[Captioned web image data]
┌──

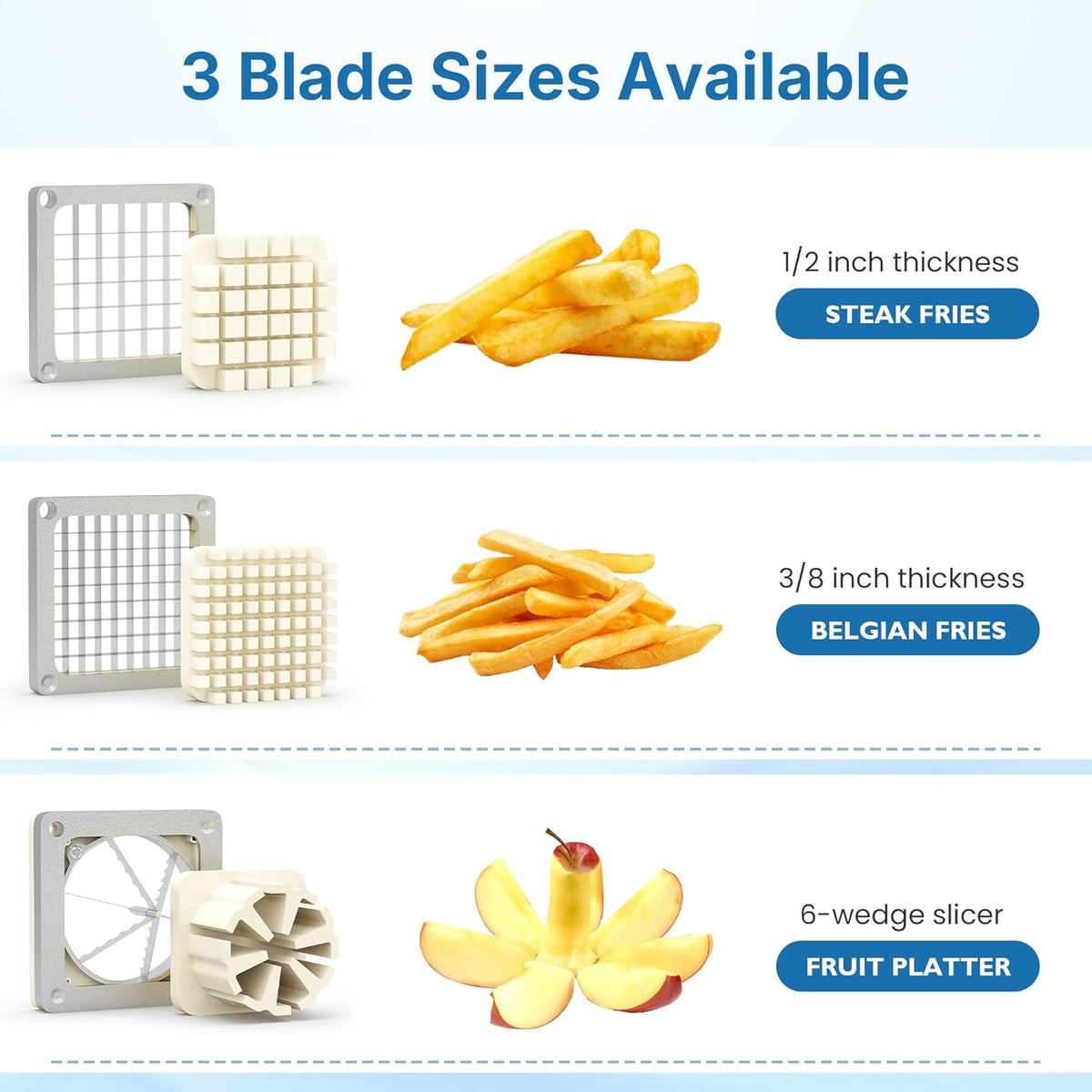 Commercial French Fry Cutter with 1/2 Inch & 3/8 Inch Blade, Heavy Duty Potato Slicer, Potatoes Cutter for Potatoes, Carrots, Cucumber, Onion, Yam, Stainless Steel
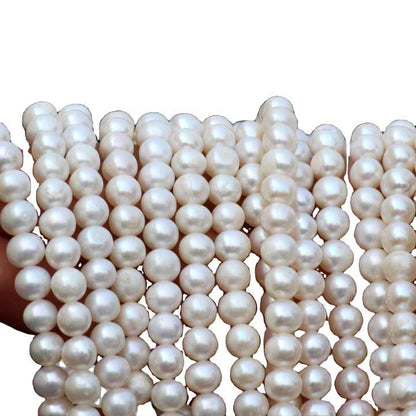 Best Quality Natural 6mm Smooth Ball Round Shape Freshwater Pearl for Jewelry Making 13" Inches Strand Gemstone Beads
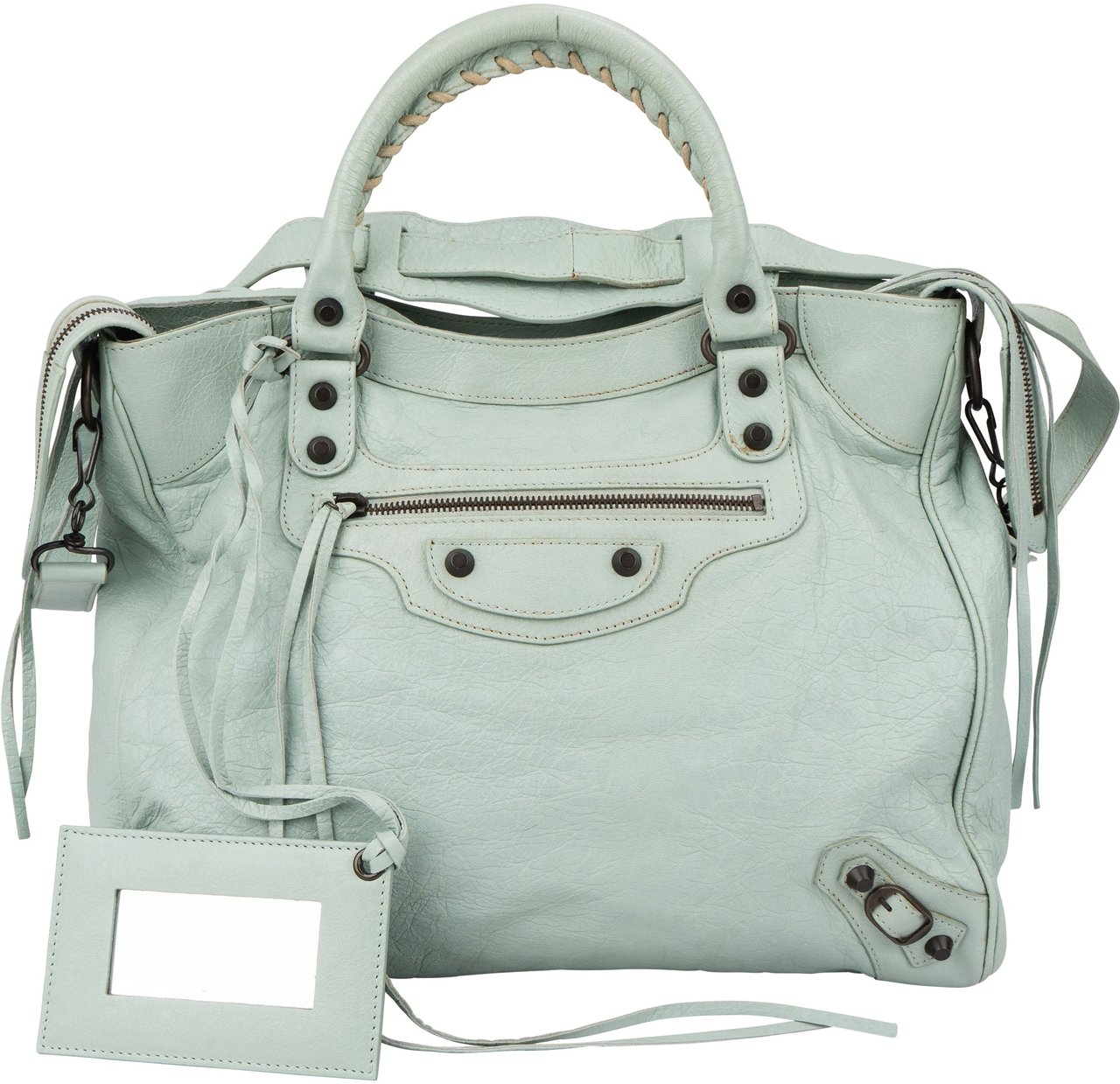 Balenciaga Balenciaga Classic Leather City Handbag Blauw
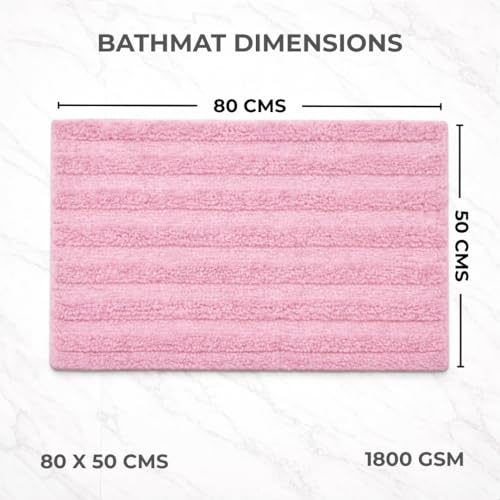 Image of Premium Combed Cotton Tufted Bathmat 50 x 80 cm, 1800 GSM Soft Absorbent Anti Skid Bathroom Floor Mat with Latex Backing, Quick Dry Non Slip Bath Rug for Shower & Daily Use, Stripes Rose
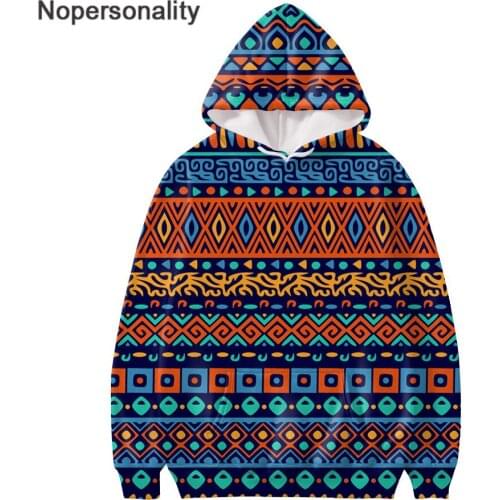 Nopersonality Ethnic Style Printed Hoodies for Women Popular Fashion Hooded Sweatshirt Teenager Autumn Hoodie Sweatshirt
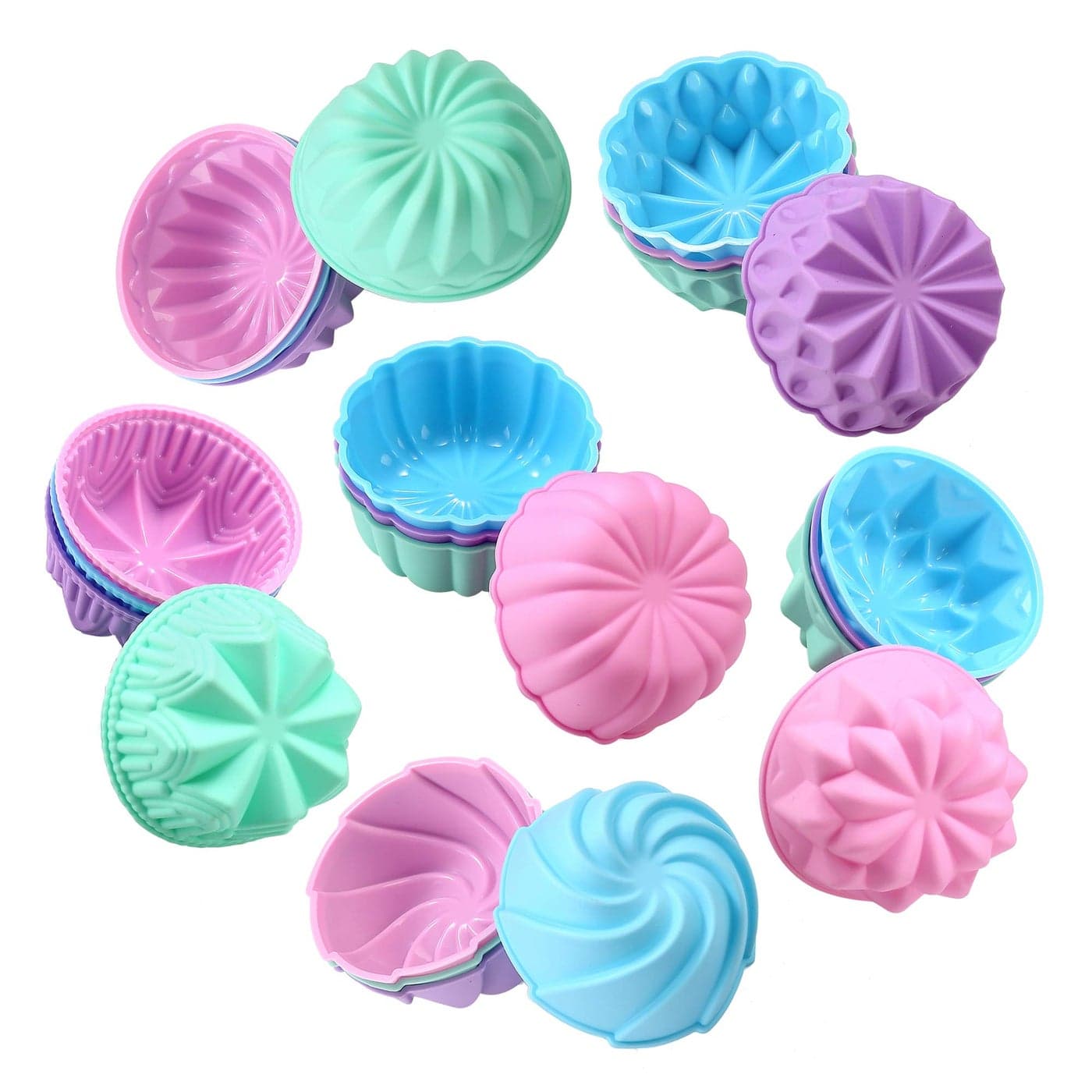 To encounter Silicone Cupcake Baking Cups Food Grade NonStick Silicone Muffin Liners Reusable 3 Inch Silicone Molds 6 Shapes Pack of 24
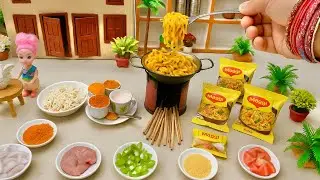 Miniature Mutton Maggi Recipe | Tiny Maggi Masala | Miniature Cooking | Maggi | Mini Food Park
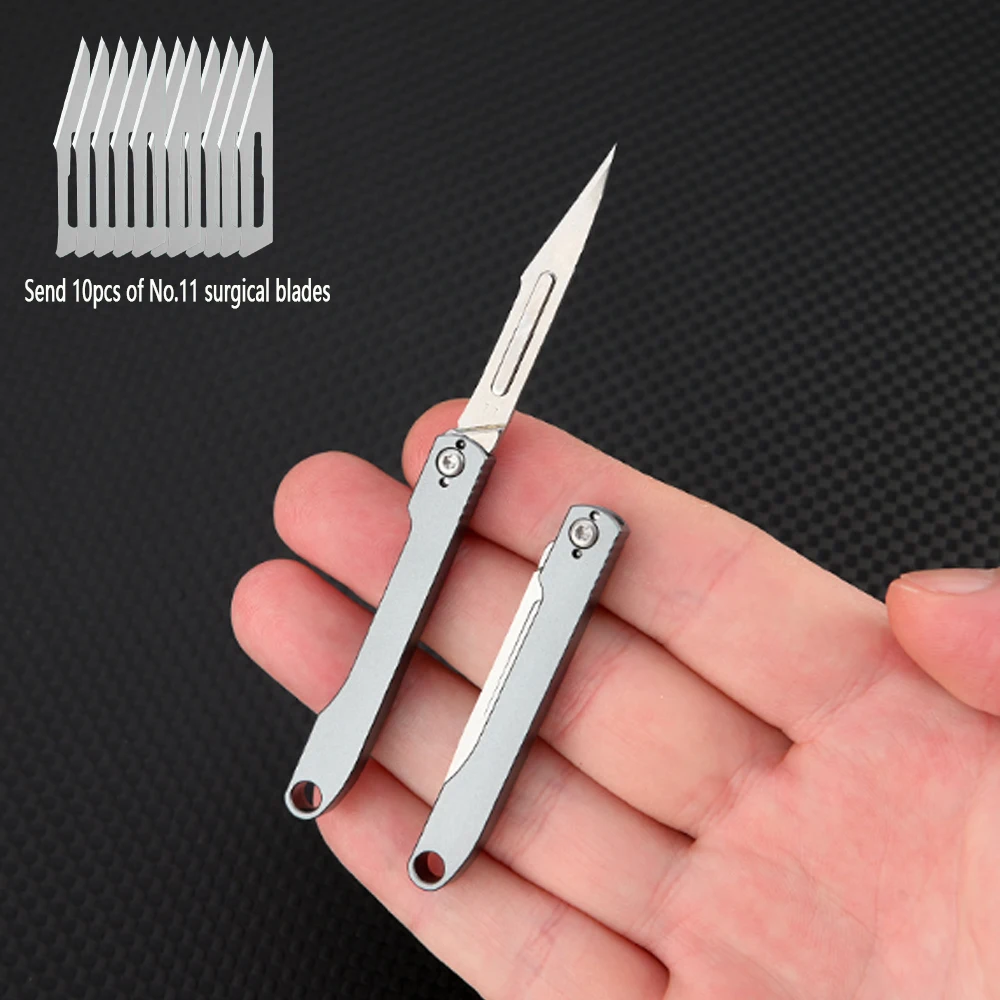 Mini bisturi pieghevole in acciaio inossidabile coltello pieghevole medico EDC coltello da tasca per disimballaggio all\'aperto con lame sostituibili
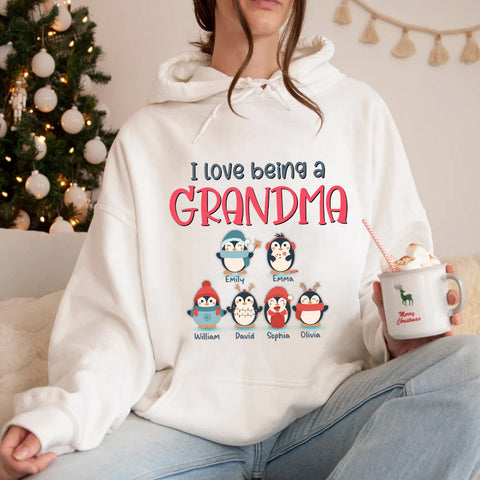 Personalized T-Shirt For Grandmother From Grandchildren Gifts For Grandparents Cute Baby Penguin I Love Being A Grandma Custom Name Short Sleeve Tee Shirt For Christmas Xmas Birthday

└──

**The task**
Copy out exactly the lines above beginning with the line that contains "Nopersonality Ethnic Style" and finishing with the line that contains "Miniature Mutton Maggi", including both; leave the pictures out.

**Exercise solution**
 Nopersonality Ethnic Style Printed Hoodies for Women Popular Fashion Hooded Sweatshirt Teenager Autumn Hoodie Sweatshirt
 To encounter Silicone Cupcake Baking Cups Food Grade NonStick Silicone Muffin Liners Reusable 3 Inch Silicone Molds 6 Shapes Pack of 24
 Miniature Mutton Maggi Recipe | Tiny Maggi Masala | Miniature Cooking | Maggi | Mini Food Park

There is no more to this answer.